What is the term for the kind of cultural change that results when two or more cultures have consistent firsthand contact?
Enculturation. is the exchange of cultural features that results when two or more groups come into consistent firsthand contact. Anthropologists agree that cultural learning is uniquely elaborated among humans and that all humans have culture.
What does it mean when they say culture is shared?
Those practices are defined as ‘Sharing Culture’. Sharing culture relates to social networks that grow informally within a region and have as their goal to co-produce, manage and share resources, time, services, knowledge, information, and support based on solidarity rather than economic profit.
What does it mean when a culture is shared?
“Culture Is Shared 1. To be considered a cultural characteristic, a particular belief, value, or practice must be shared by a significant portion of the society. 2. Culture is often viewed as group customs that link together members of society.
What is ethnography example?
Generally, an ethnographic study involves a researcher observing behaviour either in person or via cameras pre-installed in participant homes, work places, etc. Think of the show Gogglebox where viewers observe the reaction to other people watching TV – that’s ethnography.
What is a good definition of ethnography?
ethnography, descriptive study of a particular human society or the process of making such a study. Contemporary ethnography is based almost entirely on fieldwork and requires the complete immersion of the anthropologist in the culture and everyday life of the people who are the subject of his study.
What is the role of the ethnographer in anthropology?

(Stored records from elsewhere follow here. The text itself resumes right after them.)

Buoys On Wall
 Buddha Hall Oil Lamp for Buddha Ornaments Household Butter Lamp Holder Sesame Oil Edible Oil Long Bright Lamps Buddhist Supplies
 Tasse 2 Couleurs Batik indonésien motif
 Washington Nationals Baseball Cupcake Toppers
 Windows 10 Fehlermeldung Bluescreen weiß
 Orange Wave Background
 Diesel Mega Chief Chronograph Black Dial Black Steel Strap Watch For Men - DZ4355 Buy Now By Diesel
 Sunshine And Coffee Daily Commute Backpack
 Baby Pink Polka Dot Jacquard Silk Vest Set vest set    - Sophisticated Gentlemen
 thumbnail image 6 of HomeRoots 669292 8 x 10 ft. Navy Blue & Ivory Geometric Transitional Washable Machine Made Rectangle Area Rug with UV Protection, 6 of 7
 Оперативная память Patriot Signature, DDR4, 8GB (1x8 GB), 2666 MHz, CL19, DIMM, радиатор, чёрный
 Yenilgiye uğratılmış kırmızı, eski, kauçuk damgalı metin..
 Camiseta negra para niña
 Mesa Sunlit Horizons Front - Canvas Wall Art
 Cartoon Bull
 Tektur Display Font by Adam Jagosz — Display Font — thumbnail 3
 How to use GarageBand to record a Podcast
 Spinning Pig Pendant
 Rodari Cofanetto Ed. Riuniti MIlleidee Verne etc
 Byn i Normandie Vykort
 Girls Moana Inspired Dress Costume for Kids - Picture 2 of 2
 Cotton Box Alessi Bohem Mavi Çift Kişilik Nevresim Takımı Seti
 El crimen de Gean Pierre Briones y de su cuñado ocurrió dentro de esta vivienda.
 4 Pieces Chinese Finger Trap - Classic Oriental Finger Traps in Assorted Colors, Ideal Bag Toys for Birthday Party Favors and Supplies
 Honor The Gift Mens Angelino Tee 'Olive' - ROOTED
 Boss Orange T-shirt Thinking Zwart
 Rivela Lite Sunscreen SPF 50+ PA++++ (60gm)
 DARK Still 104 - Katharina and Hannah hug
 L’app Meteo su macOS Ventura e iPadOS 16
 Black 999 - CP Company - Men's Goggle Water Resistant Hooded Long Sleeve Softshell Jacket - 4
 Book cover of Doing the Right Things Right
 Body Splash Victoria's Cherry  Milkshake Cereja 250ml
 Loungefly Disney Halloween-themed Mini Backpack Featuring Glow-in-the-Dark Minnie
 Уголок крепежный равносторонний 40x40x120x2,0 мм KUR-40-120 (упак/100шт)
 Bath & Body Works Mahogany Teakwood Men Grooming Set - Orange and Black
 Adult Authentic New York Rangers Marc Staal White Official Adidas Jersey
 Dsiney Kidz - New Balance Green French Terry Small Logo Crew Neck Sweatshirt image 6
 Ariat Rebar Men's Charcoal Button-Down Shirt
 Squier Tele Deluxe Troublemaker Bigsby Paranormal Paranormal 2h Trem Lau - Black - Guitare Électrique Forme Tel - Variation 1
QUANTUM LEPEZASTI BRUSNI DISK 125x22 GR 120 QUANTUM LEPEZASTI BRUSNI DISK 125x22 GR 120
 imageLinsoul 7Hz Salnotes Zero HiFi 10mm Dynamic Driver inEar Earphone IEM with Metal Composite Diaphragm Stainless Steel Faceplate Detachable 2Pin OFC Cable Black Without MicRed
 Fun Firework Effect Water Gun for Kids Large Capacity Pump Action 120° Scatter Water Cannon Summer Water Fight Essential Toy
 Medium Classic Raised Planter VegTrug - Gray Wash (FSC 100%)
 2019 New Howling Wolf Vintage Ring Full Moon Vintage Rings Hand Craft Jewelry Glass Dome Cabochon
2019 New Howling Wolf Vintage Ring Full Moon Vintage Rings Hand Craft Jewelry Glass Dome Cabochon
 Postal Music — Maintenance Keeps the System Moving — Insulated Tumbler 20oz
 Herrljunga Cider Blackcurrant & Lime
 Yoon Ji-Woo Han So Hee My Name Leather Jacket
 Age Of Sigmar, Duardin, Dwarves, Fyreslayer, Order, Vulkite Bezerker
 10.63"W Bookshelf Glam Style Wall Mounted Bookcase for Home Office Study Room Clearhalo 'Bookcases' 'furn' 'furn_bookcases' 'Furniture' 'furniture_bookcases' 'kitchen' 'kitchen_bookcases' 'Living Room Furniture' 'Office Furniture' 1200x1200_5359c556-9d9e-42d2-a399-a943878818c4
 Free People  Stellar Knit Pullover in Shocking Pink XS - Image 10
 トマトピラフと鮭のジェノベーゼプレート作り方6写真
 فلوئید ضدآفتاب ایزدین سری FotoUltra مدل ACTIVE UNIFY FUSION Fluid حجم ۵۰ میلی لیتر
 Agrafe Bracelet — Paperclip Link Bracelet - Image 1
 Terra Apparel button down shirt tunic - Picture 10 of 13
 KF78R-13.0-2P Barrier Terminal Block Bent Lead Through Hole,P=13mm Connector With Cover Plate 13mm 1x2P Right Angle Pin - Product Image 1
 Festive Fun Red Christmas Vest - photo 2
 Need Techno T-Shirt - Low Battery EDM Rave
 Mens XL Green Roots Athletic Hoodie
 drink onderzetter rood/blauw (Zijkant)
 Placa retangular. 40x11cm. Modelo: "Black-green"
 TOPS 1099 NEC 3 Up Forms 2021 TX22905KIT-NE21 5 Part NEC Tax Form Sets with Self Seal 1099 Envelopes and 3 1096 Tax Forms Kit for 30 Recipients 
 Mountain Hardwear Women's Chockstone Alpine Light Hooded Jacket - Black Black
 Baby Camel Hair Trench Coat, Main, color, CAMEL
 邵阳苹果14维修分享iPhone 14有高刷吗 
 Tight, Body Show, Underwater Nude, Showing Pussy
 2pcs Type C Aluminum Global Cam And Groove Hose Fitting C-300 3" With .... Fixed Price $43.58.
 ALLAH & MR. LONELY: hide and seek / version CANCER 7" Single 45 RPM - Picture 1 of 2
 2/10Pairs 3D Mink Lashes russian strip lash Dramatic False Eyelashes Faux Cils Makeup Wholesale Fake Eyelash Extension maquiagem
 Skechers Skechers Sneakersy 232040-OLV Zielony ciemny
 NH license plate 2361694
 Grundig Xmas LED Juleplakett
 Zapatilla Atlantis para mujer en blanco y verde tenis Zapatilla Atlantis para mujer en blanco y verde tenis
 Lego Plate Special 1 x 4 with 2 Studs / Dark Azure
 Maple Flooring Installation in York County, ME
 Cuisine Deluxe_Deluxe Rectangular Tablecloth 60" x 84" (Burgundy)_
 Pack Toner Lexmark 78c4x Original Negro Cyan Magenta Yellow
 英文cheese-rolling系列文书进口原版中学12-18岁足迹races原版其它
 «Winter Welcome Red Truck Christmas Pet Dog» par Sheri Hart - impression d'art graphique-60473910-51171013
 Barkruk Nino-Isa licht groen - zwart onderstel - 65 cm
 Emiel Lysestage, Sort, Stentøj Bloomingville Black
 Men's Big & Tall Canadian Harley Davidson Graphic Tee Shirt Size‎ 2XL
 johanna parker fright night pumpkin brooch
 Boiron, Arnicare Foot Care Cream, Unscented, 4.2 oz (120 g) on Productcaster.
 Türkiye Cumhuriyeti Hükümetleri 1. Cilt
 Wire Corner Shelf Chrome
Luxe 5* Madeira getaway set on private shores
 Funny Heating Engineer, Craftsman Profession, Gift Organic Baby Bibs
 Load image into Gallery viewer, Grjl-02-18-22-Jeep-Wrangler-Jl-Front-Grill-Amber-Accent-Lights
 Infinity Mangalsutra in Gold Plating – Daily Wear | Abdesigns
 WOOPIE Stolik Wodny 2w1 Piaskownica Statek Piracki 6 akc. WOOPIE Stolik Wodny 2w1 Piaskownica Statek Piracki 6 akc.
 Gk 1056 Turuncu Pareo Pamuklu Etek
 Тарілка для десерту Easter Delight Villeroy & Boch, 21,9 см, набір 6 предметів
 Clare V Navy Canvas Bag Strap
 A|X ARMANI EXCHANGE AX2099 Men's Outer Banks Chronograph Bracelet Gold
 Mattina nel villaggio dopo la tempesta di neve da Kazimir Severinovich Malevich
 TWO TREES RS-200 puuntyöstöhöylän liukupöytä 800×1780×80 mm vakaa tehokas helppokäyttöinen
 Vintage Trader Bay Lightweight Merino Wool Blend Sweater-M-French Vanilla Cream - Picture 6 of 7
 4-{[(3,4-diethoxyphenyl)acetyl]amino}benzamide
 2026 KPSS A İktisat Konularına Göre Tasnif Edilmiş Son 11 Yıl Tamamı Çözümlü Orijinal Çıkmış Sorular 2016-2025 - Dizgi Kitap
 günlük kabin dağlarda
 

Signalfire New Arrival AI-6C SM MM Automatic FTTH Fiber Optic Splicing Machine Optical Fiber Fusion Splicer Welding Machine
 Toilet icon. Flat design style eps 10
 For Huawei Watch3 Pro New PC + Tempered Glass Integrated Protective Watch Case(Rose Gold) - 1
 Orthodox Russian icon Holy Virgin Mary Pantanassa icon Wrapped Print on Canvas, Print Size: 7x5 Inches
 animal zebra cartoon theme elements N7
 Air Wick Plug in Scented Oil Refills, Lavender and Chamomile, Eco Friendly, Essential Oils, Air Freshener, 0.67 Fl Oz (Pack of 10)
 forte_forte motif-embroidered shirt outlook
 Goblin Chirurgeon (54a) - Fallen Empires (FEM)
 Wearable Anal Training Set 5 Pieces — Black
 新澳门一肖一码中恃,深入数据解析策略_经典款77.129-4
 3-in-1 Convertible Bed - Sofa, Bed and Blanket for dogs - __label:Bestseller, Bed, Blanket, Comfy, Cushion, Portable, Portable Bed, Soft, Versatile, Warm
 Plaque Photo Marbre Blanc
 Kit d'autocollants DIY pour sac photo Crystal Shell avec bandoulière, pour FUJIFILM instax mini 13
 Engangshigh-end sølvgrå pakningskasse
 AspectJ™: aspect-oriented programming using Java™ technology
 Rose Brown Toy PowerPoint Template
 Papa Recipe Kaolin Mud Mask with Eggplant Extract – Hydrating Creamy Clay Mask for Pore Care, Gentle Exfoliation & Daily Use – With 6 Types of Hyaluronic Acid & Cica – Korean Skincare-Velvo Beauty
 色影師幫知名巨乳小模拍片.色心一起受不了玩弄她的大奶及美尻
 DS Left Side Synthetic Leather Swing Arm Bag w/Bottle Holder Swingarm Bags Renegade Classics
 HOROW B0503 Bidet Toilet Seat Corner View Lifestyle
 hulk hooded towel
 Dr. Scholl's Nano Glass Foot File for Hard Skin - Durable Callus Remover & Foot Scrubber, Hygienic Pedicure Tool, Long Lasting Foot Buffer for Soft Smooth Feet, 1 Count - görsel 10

anthropology’s crisis in representation—questions about the role of the ethnographer and the nature of ethnographic authority. The characteristic field techniques of the ethnographer are participant observation, the genealogical method, and in-depth interviewing.
When do ethnographers use interview schedule to gather information?
When an ethnographer uses an interview schedule to gather information from the field, this inevitably confines the researcher. Really good key cultural consultants will actually end up recording most of the data you need to write ethnography. The emic perspective focuses on local explanations of criteria and significance.
How is ethnographic research has changed over time?
Traditional ethnographic research focused on the single community or “culture,” which was treated as more or less isolated and unique in time and space. However, there has been a shift within the discipline toward recognition of ongoing and inescapable flows of people, technology, images, and information.
How are features of Culture described in anthro?
Features of culture such as distinctive smells, noises people make, how they cover their mouths when they eat, and how they gaze at each other are so fundamental that natives take them for granted but are there for the ethnographer to describe and make sense of them. achieved in large part by engaging in participant observation.